Information shown Block Start
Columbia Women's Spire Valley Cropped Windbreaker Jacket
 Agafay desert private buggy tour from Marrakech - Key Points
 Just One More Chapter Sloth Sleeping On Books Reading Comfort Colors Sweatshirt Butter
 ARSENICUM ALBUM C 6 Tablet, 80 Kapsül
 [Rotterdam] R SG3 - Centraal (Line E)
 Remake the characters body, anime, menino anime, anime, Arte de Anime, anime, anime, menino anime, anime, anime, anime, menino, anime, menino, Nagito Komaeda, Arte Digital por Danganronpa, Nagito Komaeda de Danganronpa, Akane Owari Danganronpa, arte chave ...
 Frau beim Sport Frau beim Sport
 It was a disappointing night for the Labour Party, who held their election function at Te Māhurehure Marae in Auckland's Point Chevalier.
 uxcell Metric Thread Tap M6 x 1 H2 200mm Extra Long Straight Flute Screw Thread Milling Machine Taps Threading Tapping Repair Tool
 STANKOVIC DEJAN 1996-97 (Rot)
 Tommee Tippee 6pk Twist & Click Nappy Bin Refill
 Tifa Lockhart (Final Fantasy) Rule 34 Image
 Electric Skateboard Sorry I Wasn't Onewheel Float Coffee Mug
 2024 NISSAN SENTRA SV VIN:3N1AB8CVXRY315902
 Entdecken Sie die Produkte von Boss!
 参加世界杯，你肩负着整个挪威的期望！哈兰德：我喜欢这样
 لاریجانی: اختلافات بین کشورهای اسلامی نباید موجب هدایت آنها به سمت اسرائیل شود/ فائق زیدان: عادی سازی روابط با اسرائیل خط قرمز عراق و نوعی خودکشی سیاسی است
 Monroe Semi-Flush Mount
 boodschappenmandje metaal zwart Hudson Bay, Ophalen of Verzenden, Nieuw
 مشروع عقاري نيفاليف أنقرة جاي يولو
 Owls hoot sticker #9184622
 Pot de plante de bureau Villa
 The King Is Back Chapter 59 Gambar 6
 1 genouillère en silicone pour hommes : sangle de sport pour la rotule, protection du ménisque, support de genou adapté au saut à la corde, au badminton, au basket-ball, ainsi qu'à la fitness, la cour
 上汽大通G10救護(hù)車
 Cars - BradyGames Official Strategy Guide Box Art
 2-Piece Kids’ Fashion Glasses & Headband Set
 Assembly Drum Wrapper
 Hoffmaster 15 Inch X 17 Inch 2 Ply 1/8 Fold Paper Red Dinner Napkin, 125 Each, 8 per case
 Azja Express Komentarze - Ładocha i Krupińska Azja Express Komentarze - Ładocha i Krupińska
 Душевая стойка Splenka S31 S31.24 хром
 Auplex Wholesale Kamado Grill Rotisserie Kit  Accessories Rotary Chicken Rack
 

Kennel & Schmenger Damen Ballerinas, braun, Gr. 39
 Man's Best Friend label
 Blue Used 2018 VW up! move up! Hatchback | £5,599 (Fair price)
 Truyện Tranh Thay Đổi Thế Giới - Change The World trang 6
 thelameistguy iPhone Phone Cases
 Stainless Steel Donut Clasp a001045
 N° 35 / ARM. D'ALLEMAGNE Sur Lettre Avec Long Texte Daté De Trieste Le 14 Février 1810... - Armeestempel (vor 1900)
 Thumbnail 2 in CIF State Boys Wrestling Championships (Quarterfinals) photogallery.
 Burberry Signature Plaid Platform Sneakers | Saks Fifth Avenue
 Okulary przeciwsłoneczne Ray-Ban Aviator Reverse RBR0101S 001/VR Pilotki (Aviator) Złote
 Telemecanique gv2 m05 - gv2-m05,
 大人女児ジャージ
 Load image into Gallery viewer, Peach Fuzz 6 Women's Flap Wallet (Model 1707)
Information shown Block End
About this task:
Give an exact copy of the lines from the one with "Thumbnail 2 in" through the end of the entries, both ends included.

Answer area:
 Thumbnail 2 in CIF State Boys Wrestling Championships (Quarterfinals) photogallery.
 Burberry Signature Plaid Platform Sneakers | Saks Fifth Avenue
 Okulary przeciwsłoneczne Ray-Ban Aviator Reverse RBR0101S 001/VR Pilotki (Aviator) Złote
 Telemecanique gv2 m05 - gv2-m05,
 大人女児ジャージ
 Load image into Gallery viewer, Peach Fuzz 6 Women's Flap Wallet (Model 1707)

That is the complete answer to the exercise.